DATA SEGMENT:

★ ★ ★ ★ ★ ★ ★

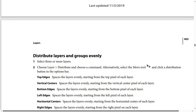To distribute layers and groups evenly, you have two options. Option one: select three or more layers. Option two: choose Layer, then Distribute, and choose a command. Alternatively, select the move tool and click a distribution button in the options bar.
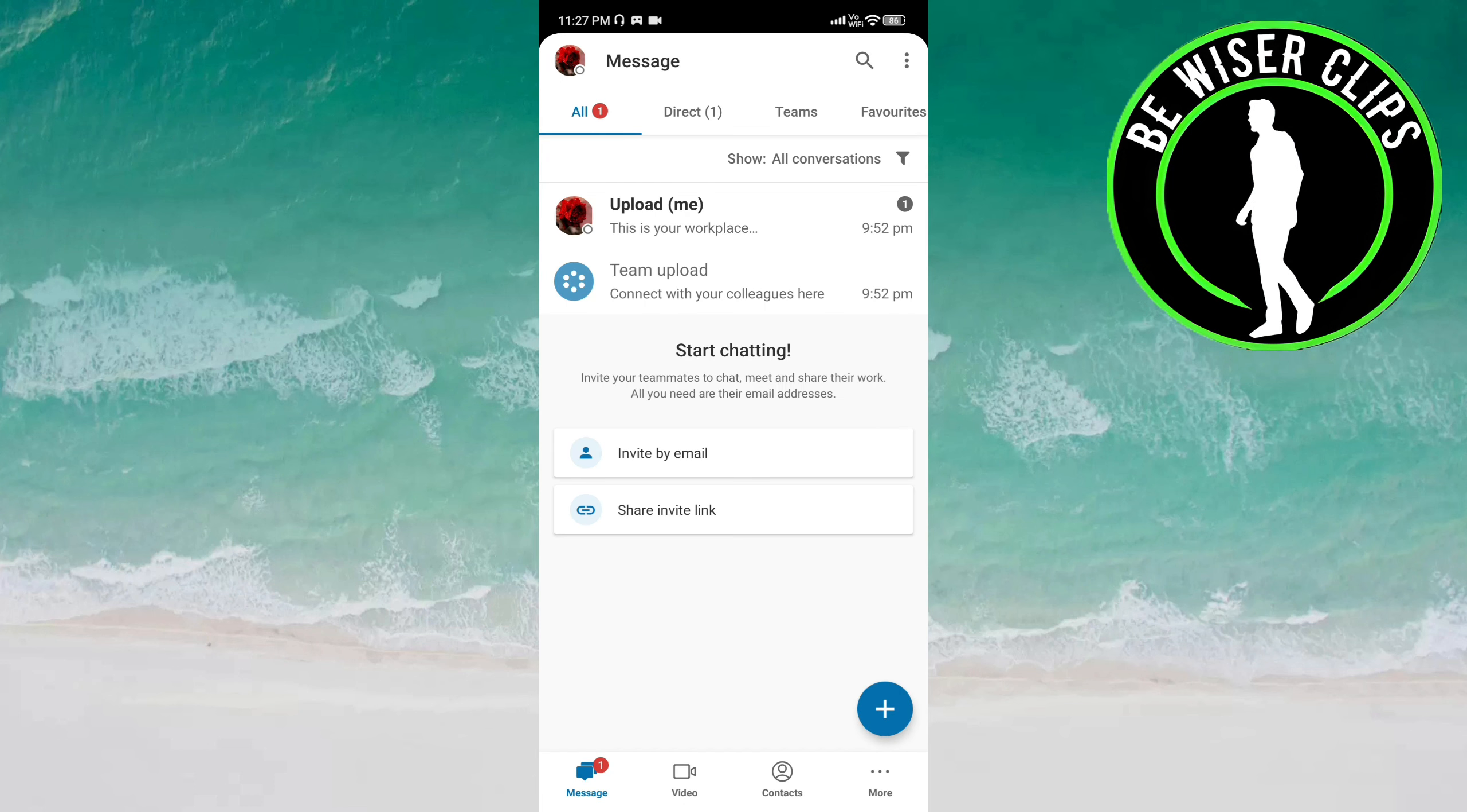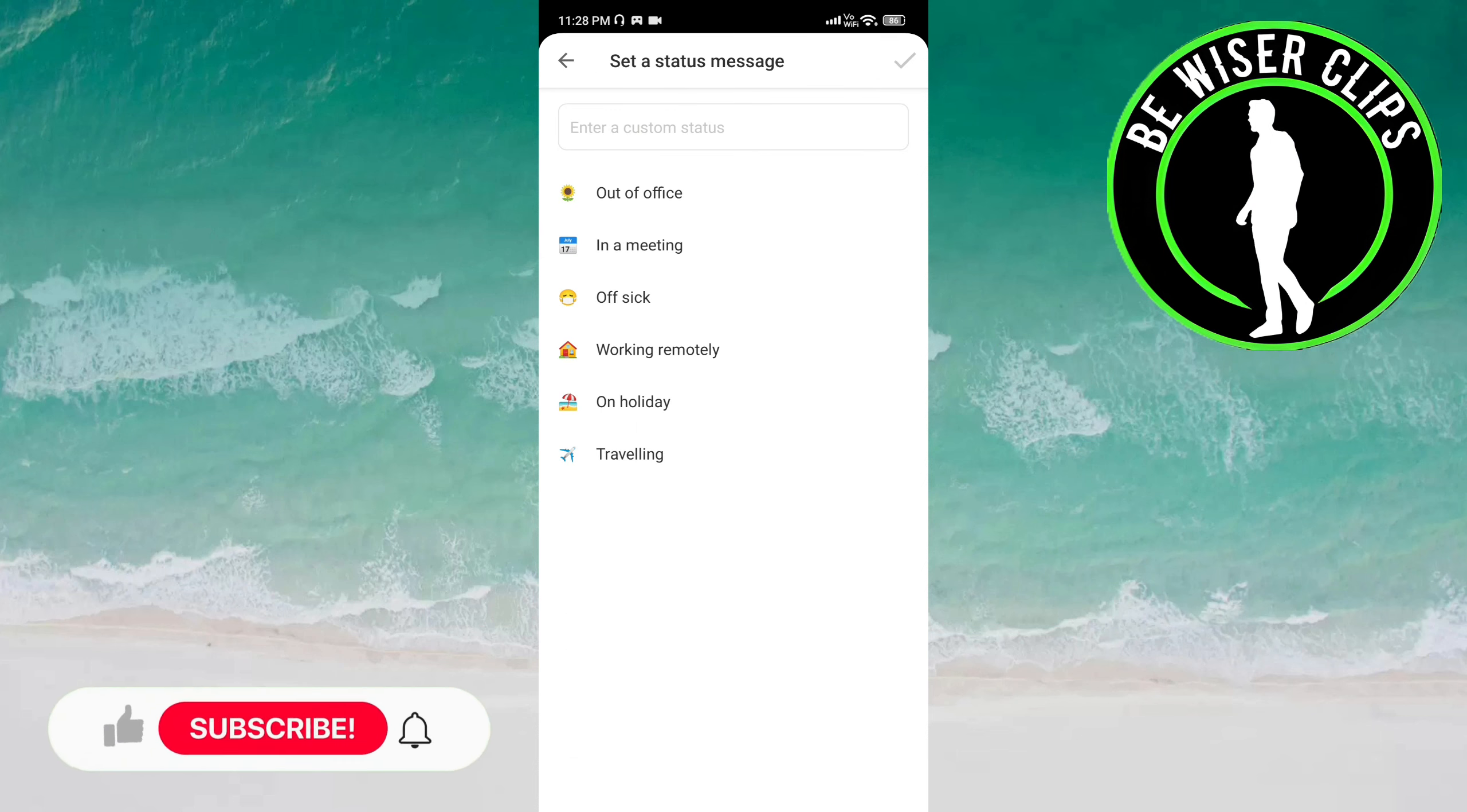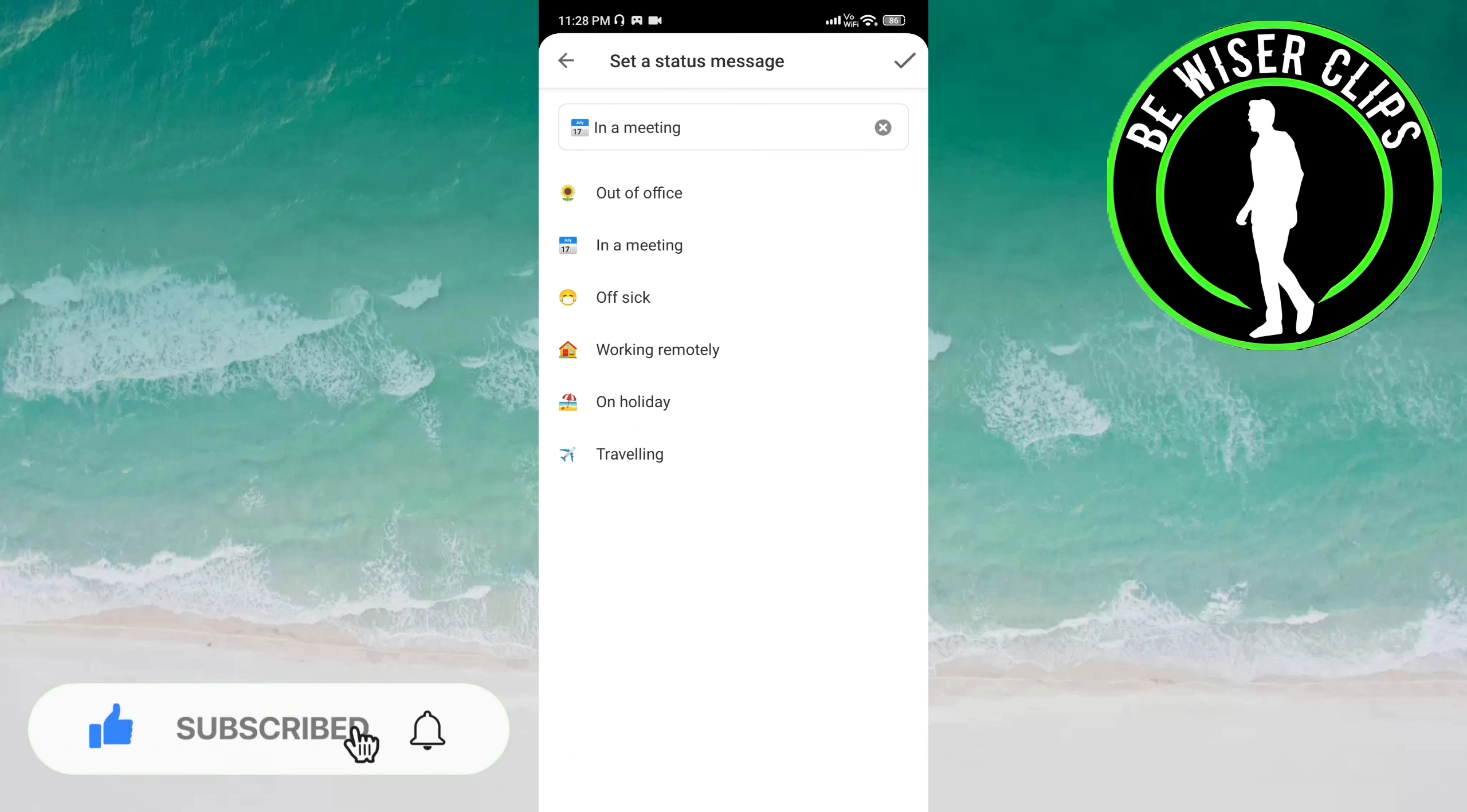Here you have to click on set a status message.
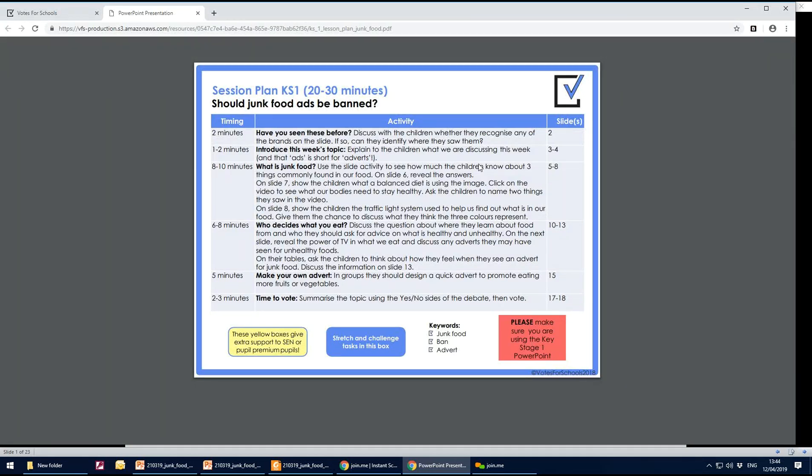So this one is the session plan for key stage one. It's 20 to 30 minutes. It identifies what's on each of the slides, how long each activity could possibly take, and what sort of questions and discussion will occur from that PowerPoint.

★ ★ ★ ★ ★ ★ ★

REQUIREMENT:
Above is a listing with pictures. Write it out exactly without them.

TASK ANSWER:
To distribute layers and groups evenly, you have two options. Option one: select three or more layers. Option two: choose Layer, then Distribute, and choose a command. Alternatively, select the move tool and click a distribution button in the options bar.
Here you have to click on set a status message.
So this one is the session plan for key stage one. It's 20 to 30 minutes. It identifies what's on each of the slides, how long each activity could possibly take, and what sort of questions and discussion will occur from that PowerPoint.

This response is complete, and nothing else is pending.